Pharming Group N.V. has announced the initiation of a Phase II clinical trial to investigate leniolisib for the treatment of primary immunodeficiencies (PIDs) characterized by immune dysregulation linked to altered PI3Kδ signaling in lymphocytes. The trial, conducted at the National Institutes of Health (NIH), aims to assess the safety, tolerability, and efficacy of leniolisib in patients with various PIDs, including ALPS-FAS, CTLA4 haploinsufficiency, NFKB1 haploinsufficiency, and PTEN deficiency.
These targeted PIDs exhibit a prevalence of approximately seven patients per million, which is notably higher than the one to two patients per million observed for activated phosphoinositide 3-kinase delta syndrome (APDS). This study represents Pharming's second clinical program focusing on PIDs for leniolisib, building upon its current approval for treating APDS in adults and pediatric patients aged 12 and older.
Trial Design and Objectives
The Phase II trial is designed as a single-arm, open-label, dose range-finding study involving approximately 12 patients.

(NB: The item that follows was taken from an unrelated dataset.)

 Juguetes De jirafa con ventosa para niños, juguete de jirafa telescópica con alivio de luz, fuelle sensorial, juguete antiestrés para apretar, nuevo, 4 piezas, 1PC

The primary objectives include evaluating the safety, tolerability, pharmacokinetics, and pharmacodynamics of leniolisib in the specified PID population. Furthermore, the trial will explore the clinical efficacy of leniolisib in addressing the underlying immune dysregulation associated with these conditions.

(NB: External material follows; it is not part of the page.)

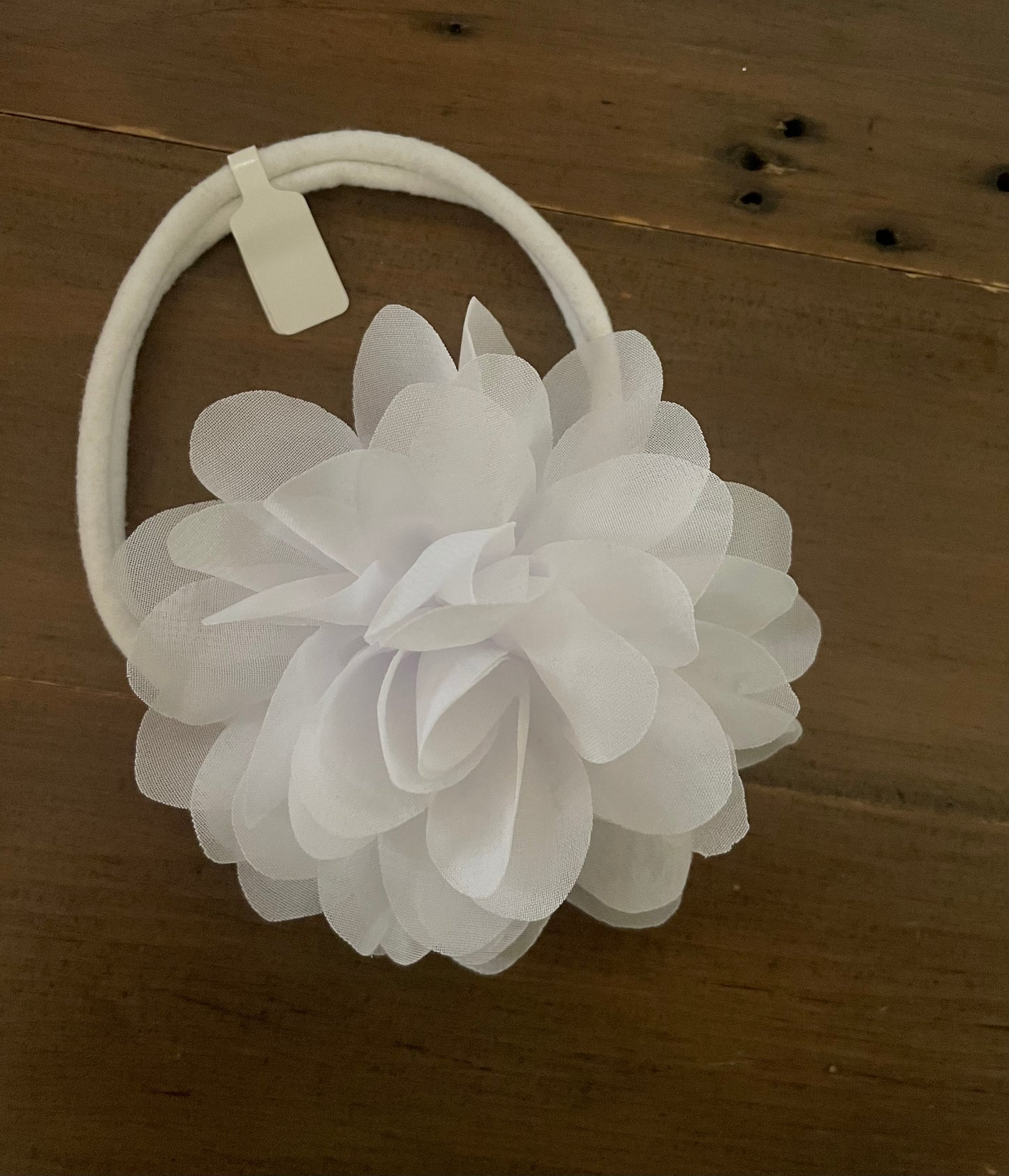 White Flower Nylon Headband, baby, toddler, child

According to Anurag Relan, MD, MPH, Chief Medical Officer of Pharming, "The initiation of this study is an important milestone for Pharming as it represents the second primary immunodeficiency (PID) clinical program for leniolisib. Based on our experience in APDS, and the significant role of PI3Kd in regulating lymphocytes, leniolisib has the potential to address the underlying immune dysregulation and deficiency in a number of rare PID disorders with significant unmet medical needs, including ALPS-FAS, CTLA4 haploinsufficiency, NFKB1 haploinsufficiency and PTEN deficiency."

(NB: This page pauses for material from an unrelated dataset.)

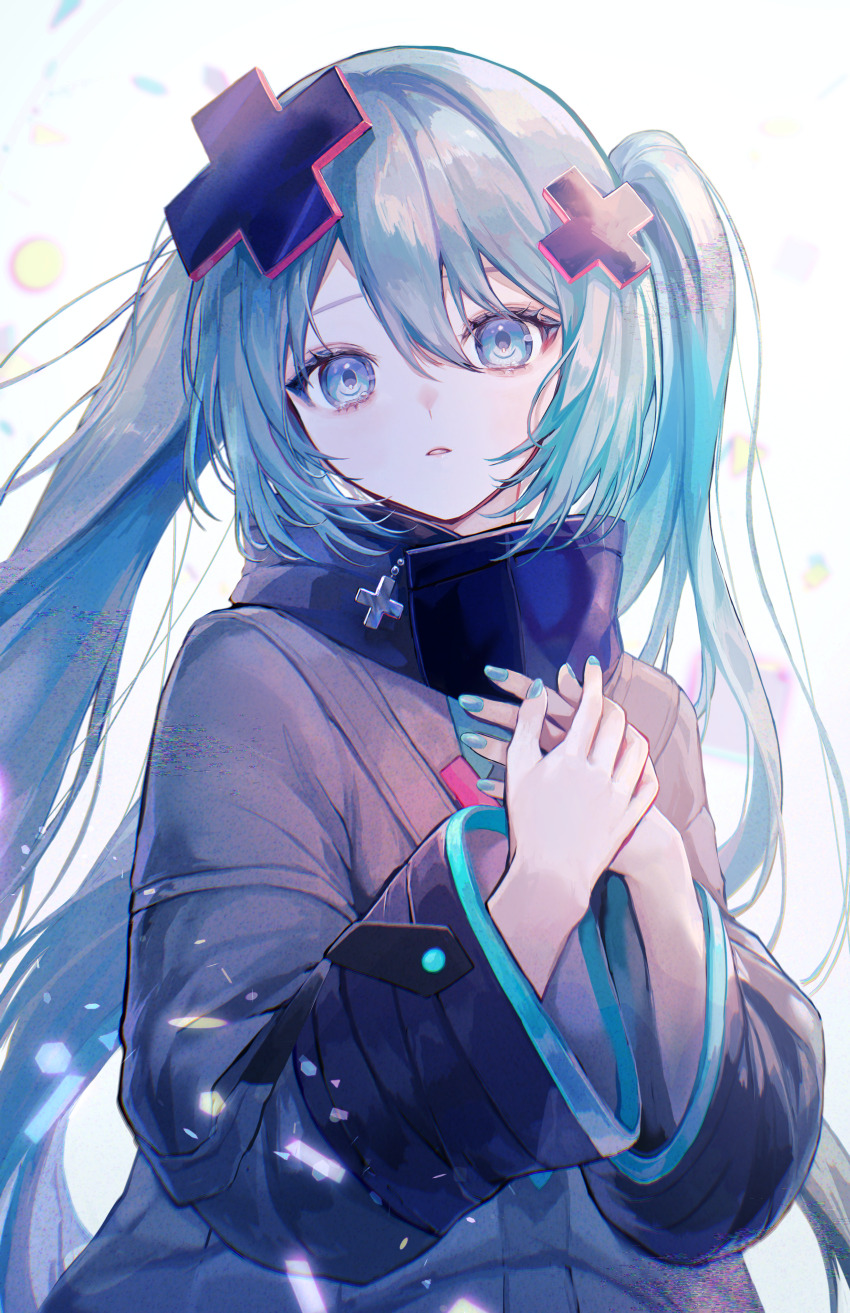 1girl absurdres black_jacket blue_eyes blue_hair blue_nails blue_stripes cross falling_petals hair_between_eyes hair_ornament hairpin hatsune_miku highres jacket kowareta_sekai_to_utaenai_miku long_hair looking_at_viewer open_mouth own_hands_together petals pink_stripes pipi_(pipinavigation) project_sekai sidelocks simple_background solo striped_clothes striped_jacket twintails utaenai_miku very_long_hair vocaloid white_background wide_sleeves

Rationale for Leniolisib in PIDs
The rationale for exploring leniolisib in these PIDs stems from the shared clinical phenotypes with APDS, particularly the altered PI3Kδ signaling in lymphocytes. Genetic factors in ALPS-FAS, CTLA4 haploinsufficiency, NFKB1 haploinsufficiency, and PTEN deficiency lead to enhanced PI3Kδ signaling, resulting in immune dysregulation similar to that observed in APDS. PTEN patients with immunodeficiency are often described as 'APDS-like', while ALPS-FAS patients predominantly display lymphoproliferative clinical manifestations with frequent cytopenic episodes. CTLA4 and NFKB1 haploinsufficiency patients exhibit lymphoproliferative, cytopenic, and/or organ-specific autoimmune/inflammatory complications of immune dysregulation.
About Leniolisib
Leniolisib is an oral small molecule inhibitor of phosphoinositide 3-kinase delta (PI3Kδ). It is approved in the U.S. and several other countries as a targeted treatment for activated phosphoinositide 3-kinase delta syndrome (APDS) in adult and pediatric patients 12 years and older. Leniolisib functions by inhibiting the production of phosphatidylinositol-3-4-5-trisphosphate, a crucial cellular messenger involved in regulating cell functions such as proliferation, differentiation, cytokine production, cell survival, angiogenesis, and metabolism. Clinical trial data have demonstrated statistically significant improvements in co-primary endpoints, indicating a favorable impact on immune dysregulation and deficiency in APDS patients. Leniolisib is currently under regulatory review in the European Economic Area, Canada, and Australia for APDS, with plans for further regulatory approvals in Japan and South Korea.